• _WORK REQUEST_
An exact transcription of all the records is required, minus the images.

*** SOURCE DATA ***

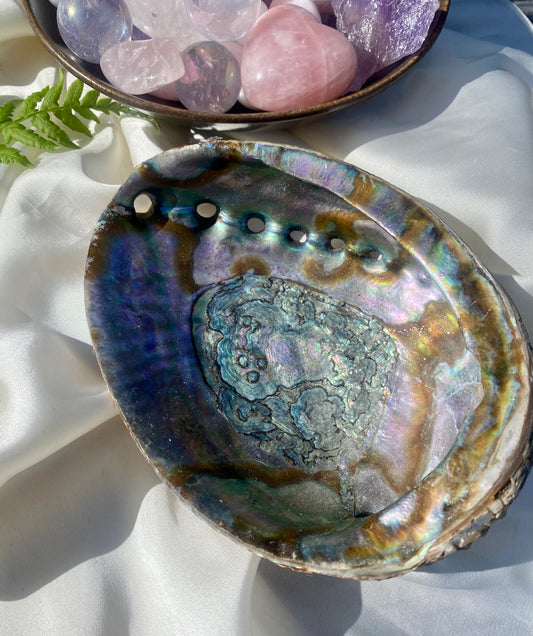 Abalone skal
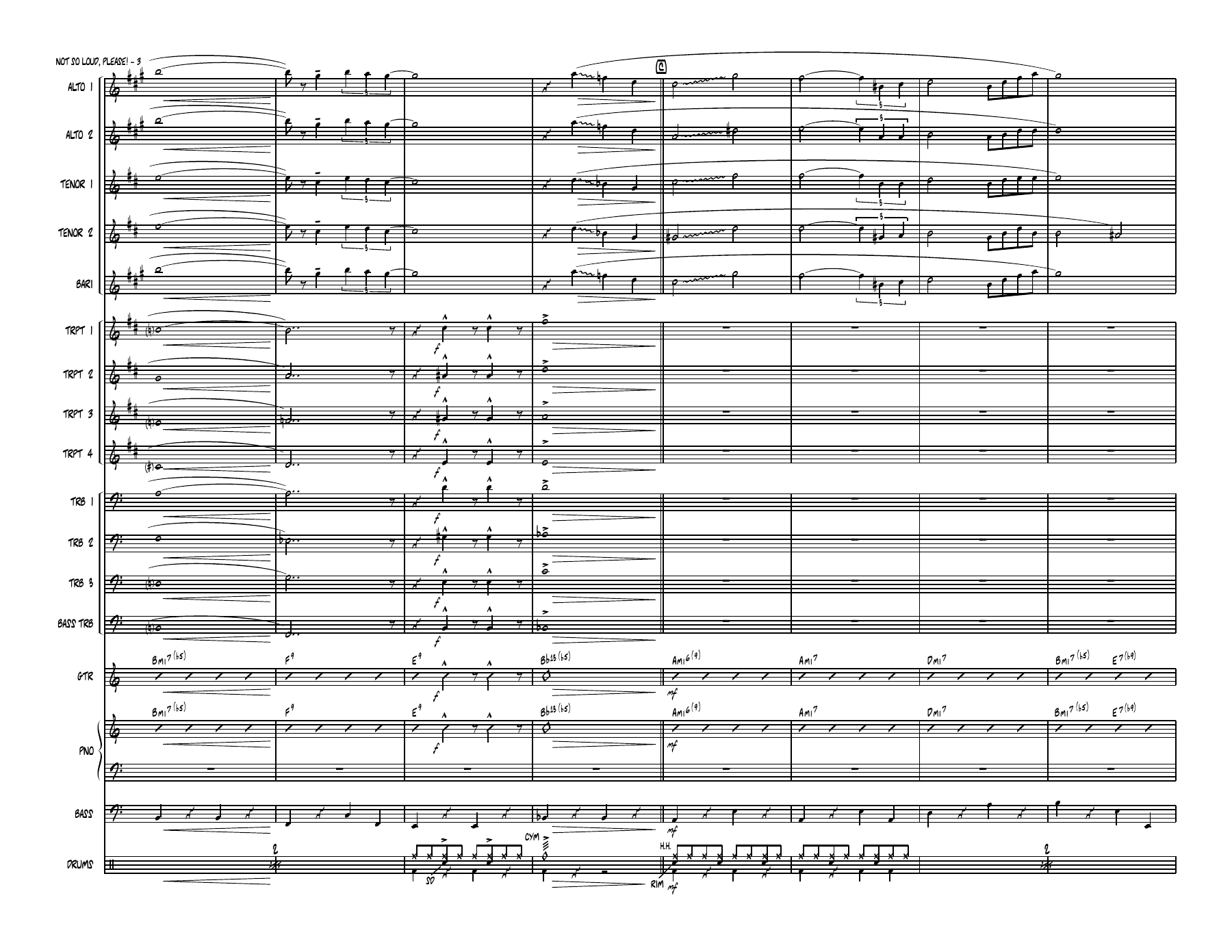 Not So Loud Please (D.Wolpe) 45 — page 3
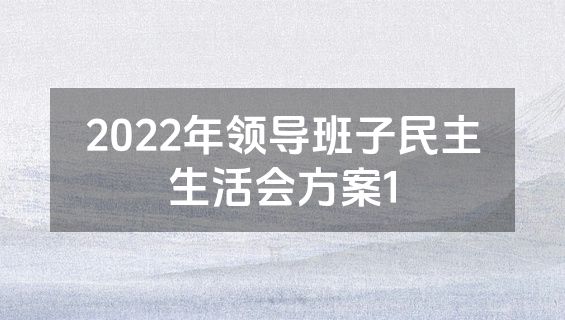 2022年领导班子民主生活会方案1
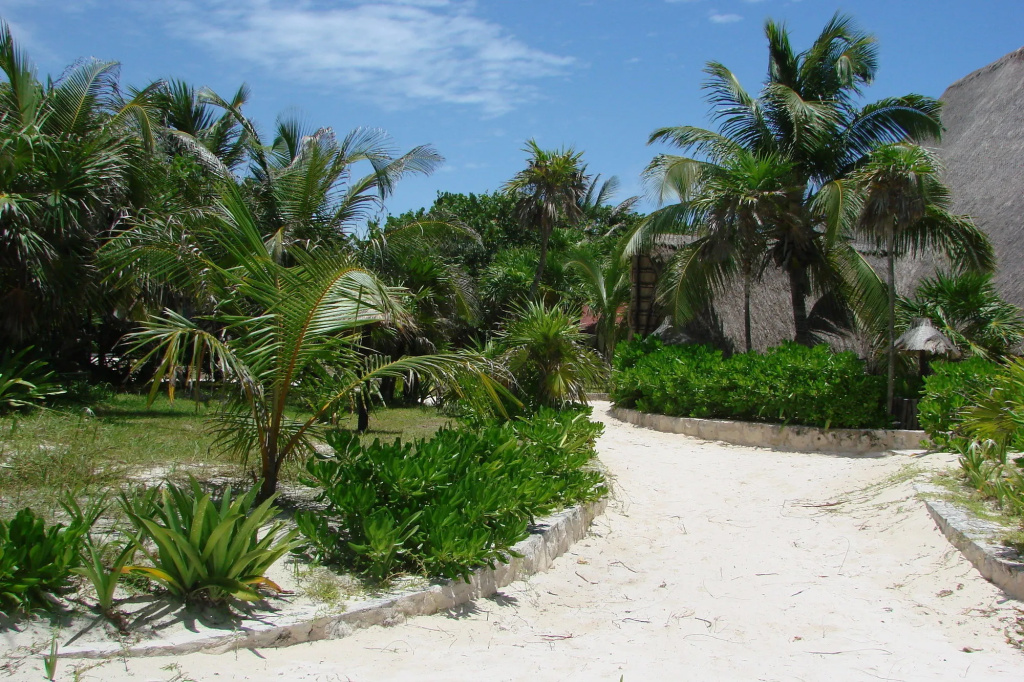 Beach & Waterfront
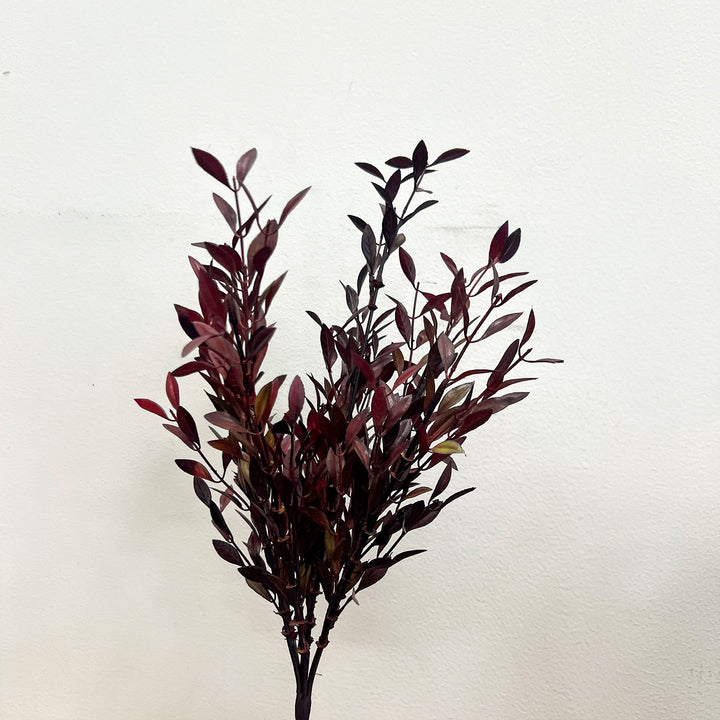 Willow Leaf Spray - Plum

*** End of SOURCE DATA ***

• _WRITTEN REPLY_
 Abalone skal
 Not So Loud Please (D.Wolpe) 45 — page 3
 2022年领导班子民主生活会方案1
 Beach & Waterfront
 Willow Leaf Spray - Plum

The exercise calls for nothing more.